Hoosiers outlast Gophers, advance to Big Ten semifinals

By the skin of their teeth, the Hoosiers are still alive in their quest for a Big Ten Tournament title.  

The final twist in a dramatic quarterfinal battle with the fourth-seeded Gophers went the way of fifth-seeded Indiana, as the No. 27 Hoosiers (23-8, 7-4) outlasted Minnesota 4-3 in Evanston, Ill., to advance to the tournament’s semifinals for the second consecutive year.

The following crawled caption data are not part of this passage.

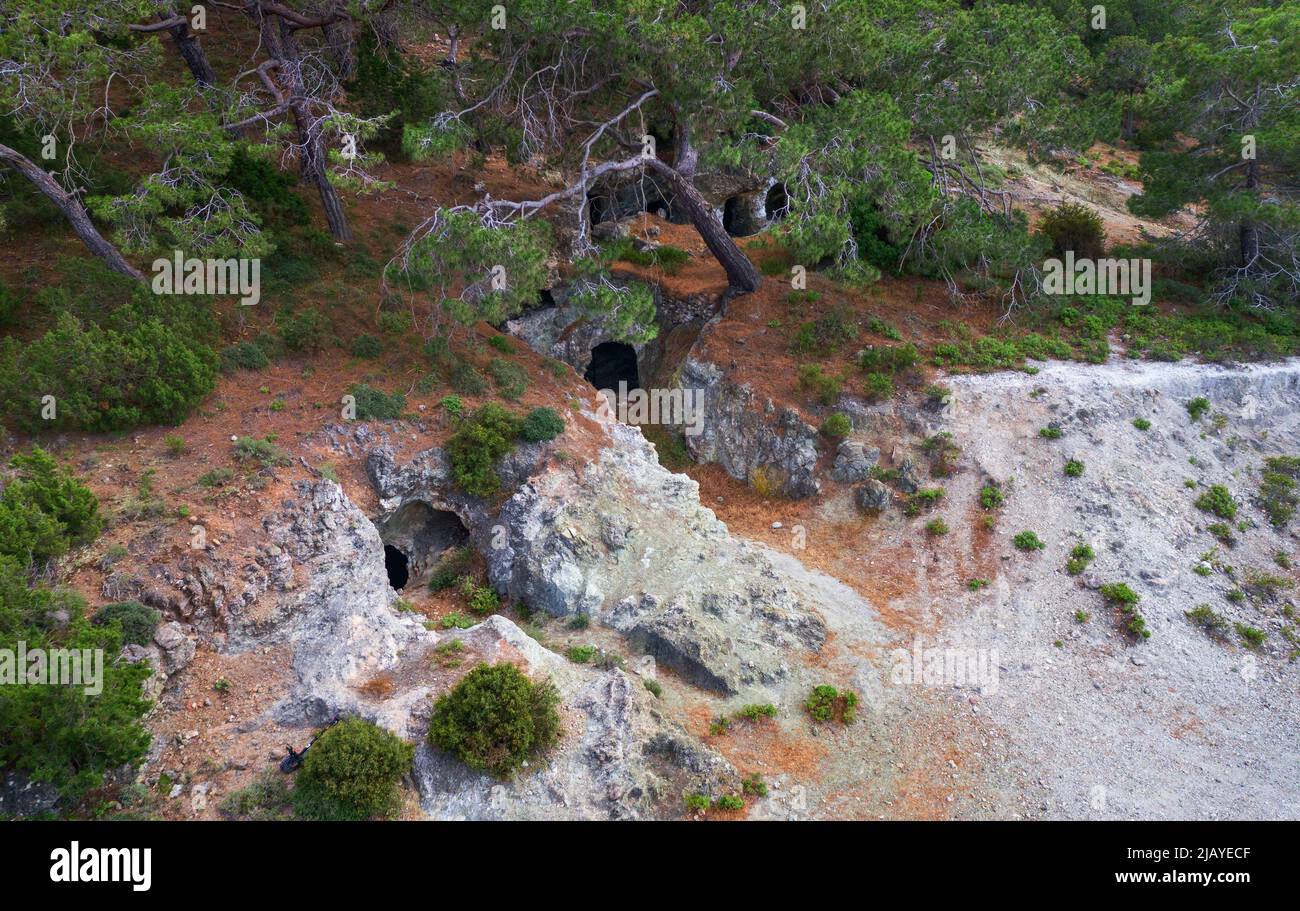 Abandonadas minas subterráneas de magnesio en Akamas penisula, Chipre Foto de stock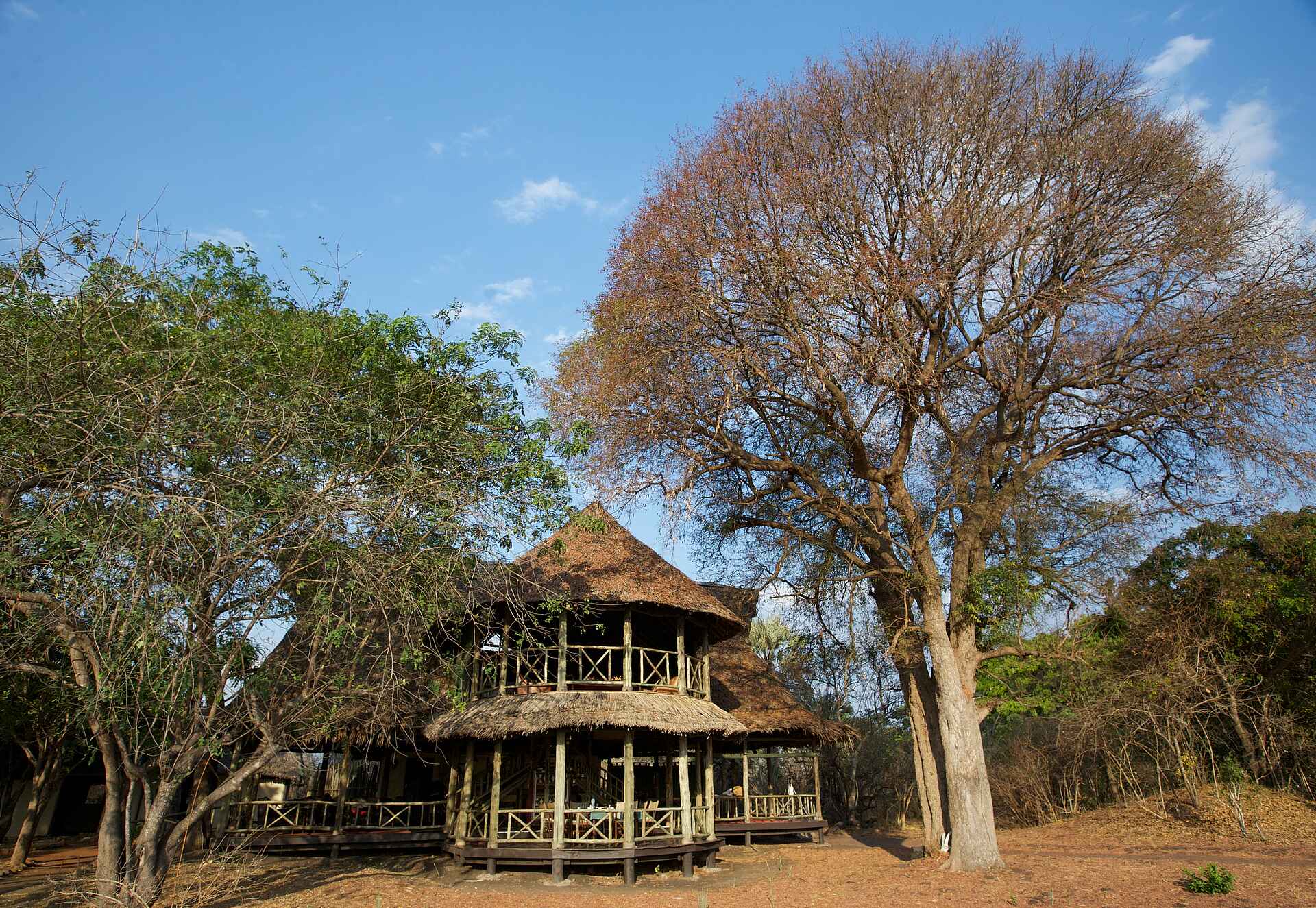 Katavi National Park, Katavi Wildlife Camp, Katisunga Plains, Katuma River, Aussichtsterrasse, Hauptgebäude, Afrikarma, afrikarma safaris, afrikarma safaris - wildnis.hautnah., afrikarma.de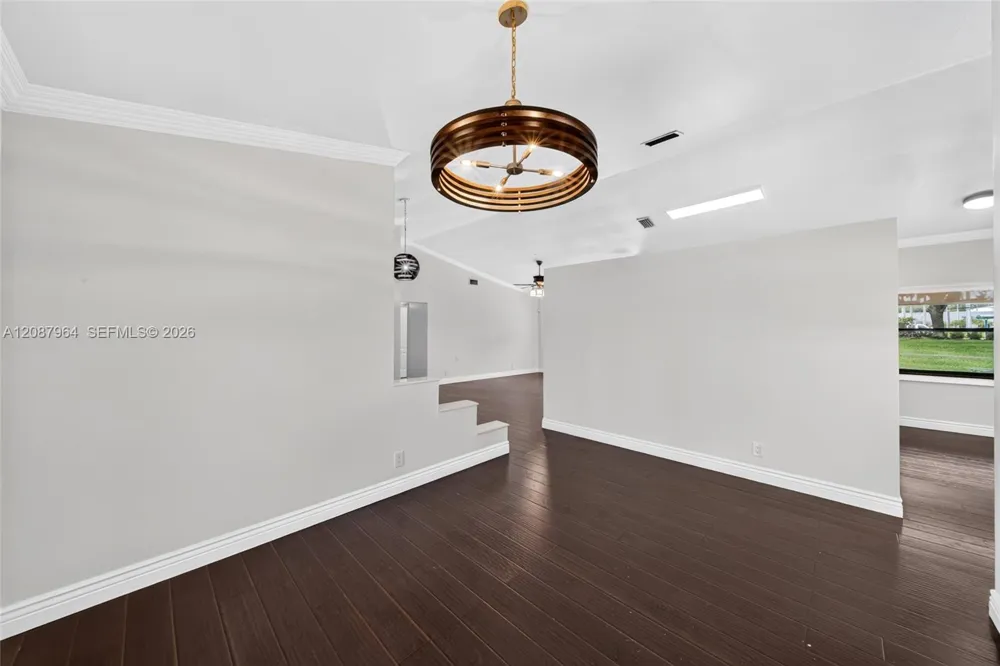 19960 NW 2nd St Pembroke Pines, FL 33029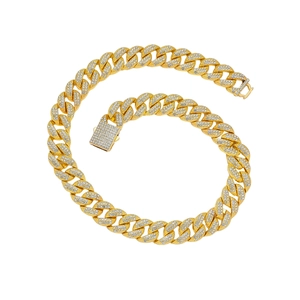 Vista macro della catena cubana dorata da 16mm con strass pavé e chiusura a incastro quadra
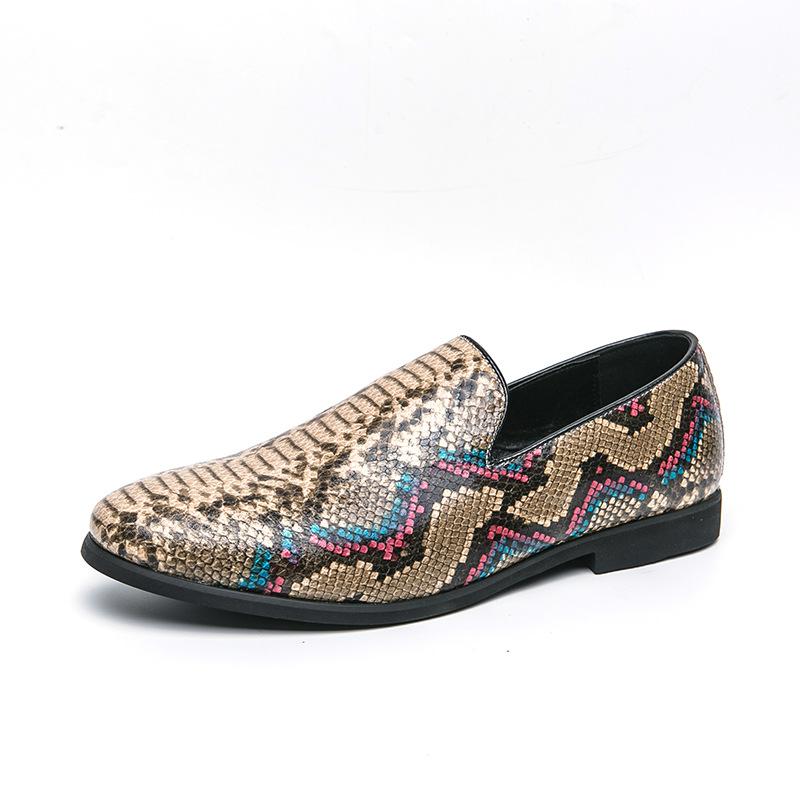 New Men's Loafers Pointed Small Leather Shoes Fashionable Snakeskin Pattern Men's Korean Version Hairstylist Lazy Casual Shoes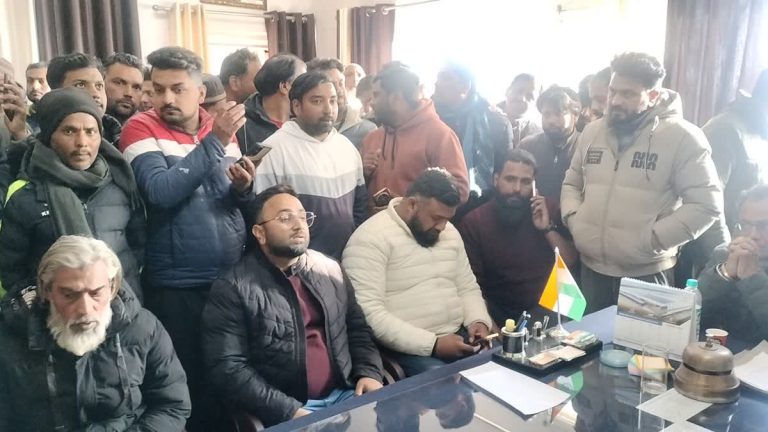 मसूरी में मजार तोड़फोड़ कांड: तीन नामजद, अज्ञात आरोपियों की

IU overturned a late 3-2 deficit with clutch third-set theatrics by Stephen Vogl and Josh MacTaggart, avenging a home defeat to the Gophers (13-7, 8-3) by the same score earlier this month and setting up a chance for back-to-back days of redemption.  

Saturday, the Hoosiers will face No. 3 Ohio State, who have already handed them two lopsided defeats, 4-0 shutout in Columbus on January 29th and a 6-1 setback in Bloomington on March 25th.  

Before the cream and crimson could dream of revenge against the Buckeyes, though, they had to fight off a strong Minnesota team Friday afternoon in a contest that featured massive momentum shifts and fantastic finishes in both singles and doubles play.

The match began in positive fashion for the Hoosiers, as they grabbed the initial point when MacTaggart and Alastair Barnes squeaked past Leandro Toledo and Juan Pablo Ramirez at No. 2 doubles by a 9-8 (4) mark.  Earlier, Vogl and Will Kendall had beaten Jack Hamburg and Phillip Arndt 8-4 at No. 3, while the No. 77 tandem of Isade Juneau and Jeremy Langer lost 8-6 to Minnesota’s top-ranked and the country’s 37th rated duo, Rok Bonin and Julian Dehn.

After the preliminary ebb and flow of the six singles contests settled into a rhythm, a 6-3, 6-0 victory by Will Kendall at No. 5 briefly doubled IU’s advantage.  However, the Gophers’ Rok Bonin halved it almost immediately thereafter with his second defeat of Isade Juneau this month, a 6-4, 6-3 decision.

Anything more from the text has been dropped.